Retype, without alteration, each line from the line containing "A woman holds" to the final line of the records.

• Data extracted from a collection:
-------
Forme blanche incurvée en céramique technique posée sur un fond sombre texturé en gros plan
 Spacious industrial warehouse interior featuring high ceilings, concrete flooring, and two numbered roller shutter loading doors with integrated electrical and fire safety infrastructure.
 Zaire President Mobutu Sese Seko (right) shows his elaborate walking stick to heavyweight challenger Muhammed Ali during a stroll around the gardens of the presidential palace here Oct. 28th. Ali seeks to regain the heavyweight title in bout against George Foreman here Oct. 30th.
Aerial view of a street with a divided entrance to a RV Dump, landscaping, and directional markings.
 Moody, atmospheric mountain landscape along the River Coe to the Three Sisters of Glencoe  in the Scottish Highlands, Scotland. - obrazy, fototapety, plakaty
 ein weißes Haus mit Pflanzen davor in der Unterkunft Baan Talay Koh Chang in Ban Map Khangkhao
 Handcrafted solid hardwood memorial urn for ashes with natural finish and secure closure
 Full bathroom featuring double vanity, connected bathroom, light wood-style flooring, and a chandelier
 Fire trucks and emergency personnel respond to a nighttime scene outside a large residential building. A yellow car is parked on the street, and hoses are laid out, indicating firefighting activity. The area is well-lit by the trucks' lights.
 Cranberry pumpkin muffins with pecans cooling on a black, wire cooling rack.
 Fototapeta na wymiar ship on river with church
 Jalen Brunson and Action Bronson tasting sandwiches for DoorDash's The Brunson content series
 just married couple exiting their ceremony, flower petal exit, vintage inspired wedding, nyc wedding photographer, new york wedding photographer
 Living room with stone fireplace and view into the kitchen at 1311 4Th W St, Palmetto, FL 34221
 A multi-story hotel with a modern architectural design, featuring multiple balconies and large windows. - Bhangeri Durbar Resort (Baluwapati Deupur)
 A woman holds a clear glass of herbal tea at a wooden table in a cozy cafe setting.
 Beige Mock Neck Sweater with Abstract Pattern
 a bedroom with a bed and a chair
-------
• Response to the exercise:
 A woman holds a clear glass of herbal tea at a wooden table in a cozy cafe setting.
 Beige Mock Neck Sweater with Abstract Pattern
 a bedroom with a bed and a chair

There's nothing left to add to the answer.